If your team is strong physically, mentally, and emotionally, they will better react and respond to any incident. But what about after the incident? How do you help your team avoid trauma after-effects? The Post-Action Strategic Debriefing workbook guides a team leader through the 5 post-action steps toward recovery and cohesion.
1. Gather together and discuss the trauma of the event that just occurred. The workbook has a script for leaders to use to explain what trauma is, how it occurs, and what effects it can have. This process brings the group together and helps them to know that any reactions they are having to the incident are normal and acceptable.

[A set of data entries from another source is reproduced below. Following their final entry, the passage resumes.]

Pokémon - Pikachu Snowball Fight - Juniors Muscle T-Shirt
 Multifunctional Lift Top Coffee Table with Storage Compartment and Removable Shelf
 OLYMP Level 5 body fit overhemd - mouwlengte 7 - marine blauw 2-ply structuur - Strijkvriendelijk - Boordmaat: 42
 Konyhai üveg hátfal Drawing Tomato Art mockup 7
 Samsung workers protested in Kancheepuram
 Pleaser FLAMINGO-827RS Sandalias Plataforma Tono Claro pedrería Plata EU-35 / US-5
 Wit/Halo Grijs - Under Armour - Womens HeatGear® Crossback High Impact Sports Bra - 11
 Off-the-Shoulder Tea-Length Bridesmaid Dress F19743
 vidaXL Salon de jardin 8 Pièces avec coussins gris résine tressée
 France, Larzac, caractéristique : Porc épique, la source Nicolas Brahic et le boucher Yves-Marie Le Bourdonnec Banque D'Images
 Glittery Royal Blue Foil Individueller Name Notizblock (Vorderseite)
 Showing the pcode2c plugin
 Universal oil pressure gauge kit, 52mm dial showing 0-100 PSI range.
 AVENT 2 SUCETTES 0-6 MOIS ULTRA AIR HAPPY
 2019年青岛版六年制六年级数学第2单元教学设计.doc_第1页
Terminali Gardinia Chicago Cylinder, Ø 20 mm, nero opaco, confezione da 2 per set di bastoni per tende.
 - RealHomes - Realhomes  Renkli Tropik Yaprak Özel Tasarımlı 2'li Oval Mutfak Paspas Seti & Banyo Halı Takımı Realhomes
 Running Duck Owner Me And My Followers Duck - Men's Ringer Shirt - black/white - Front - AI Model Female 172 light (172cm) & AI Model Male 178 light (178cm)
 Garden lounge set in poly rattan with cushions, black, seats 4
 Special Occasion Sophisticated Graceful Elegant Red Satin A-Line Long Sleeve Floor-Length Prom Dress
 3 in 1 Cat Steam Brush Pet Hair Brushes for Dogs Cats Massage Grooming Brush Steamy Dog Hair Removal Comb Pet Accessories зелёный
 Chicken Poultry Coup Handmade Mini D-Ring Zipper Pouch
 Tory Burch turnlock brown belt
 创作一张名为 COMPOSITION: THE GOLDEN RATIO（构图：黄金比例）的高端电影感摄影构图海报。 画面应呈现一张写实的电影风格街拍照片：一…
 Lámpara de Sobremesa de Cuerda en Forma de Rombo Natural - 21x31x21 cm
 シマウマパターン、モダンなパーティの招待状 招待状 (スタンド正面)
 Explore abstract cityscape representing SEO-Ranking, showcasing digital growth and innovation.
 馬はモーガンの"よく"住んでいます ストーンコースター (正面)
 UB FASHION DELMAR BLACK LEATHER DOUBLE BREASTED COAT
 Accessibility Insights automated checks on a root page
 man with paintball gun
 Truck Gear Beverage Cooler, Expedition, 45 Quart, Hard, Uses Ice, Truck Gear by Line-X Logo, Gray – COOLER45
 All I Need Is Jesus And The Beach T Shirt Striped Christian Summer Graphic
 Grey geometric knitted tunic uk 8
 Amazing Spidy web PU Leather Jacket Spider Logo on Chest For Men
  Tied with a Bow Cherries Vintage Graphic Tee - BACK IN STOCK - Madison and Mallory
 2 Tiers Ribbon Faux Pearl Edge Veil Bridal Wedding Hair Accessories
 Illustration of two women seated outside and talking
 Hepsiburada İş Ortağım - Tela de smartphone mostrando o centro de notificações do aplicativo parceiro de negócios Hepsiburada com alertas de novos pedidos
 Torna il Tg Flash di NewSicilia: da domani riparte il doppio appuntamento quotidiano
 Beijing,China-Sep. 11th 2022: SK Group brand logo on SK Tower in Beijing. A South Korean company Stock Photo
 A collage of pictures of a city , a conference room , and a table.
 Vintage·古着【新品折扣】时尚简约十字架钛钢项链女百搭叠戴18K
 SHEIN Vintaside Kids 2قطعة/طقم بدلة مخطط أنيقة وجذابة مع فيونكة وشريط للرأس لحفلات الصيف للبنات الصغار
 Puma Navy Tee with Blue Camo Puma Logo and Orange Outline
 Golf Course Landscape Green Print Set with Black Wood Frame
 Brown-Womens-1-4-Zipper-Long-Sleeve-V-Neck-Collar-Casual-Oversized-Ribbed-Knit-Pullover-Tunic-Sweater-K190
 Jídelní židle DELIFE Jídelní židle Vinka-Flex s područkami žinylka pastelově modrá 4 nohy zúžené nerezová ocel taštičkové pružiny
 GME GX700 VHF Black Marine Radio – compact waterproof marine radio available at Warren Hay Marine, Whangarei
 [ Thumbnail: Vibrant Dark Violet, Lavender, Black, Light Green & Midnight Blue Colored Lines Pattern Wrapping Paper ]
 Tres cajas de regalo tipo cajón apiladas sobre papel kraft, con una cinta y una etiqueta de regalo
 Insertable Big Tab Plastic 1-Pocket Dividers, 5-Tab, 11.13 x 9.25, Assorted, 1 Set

2. Expectations vs. Reality -- discuss what was supposed to happen, what actually happened, compare the two, and then discuss what was doing right and should be repeated in the future as well as what could be improved upon.
3. Positive Reframing - this is a process of story-telling where individuals tell their story of what happened, but learn to take out blame, anger, resentment by removing or editing small portions of the story, keeping all the facts intact, so that it is neutralized, and fact-based. This prevents resentment and lasting negative effects down the line.
4. Getting Back to Center - this part of the process helps the group come back together as a team, and creates a blank slate, a fresh start for going forward.
5. Follow-Up Plan -- the Post-Action Strategic Debriefing process is a first-aid type plan immediately following a critical incident. But long-term follow-up and care resources are discussed which need to be used by team members, to help prevent PTSD and other residual effects which will weaken the mental, physical, and emotional health. By using follow-up resources, the individuals circle back around to the preparedness stage by getting themselves strong in all 3 areas once again.
Mental and emotional wellness and strength are just as important as physical health and strength, and can be trained and prepared for in the same way. Seeking mental health resources after this type of incident should be viewed the same as an individual going to the doctor or hospital after being physically injured. Remind your team that the more they are willing to use resources, the stronger they will end up being as an individual as well as a valued team member.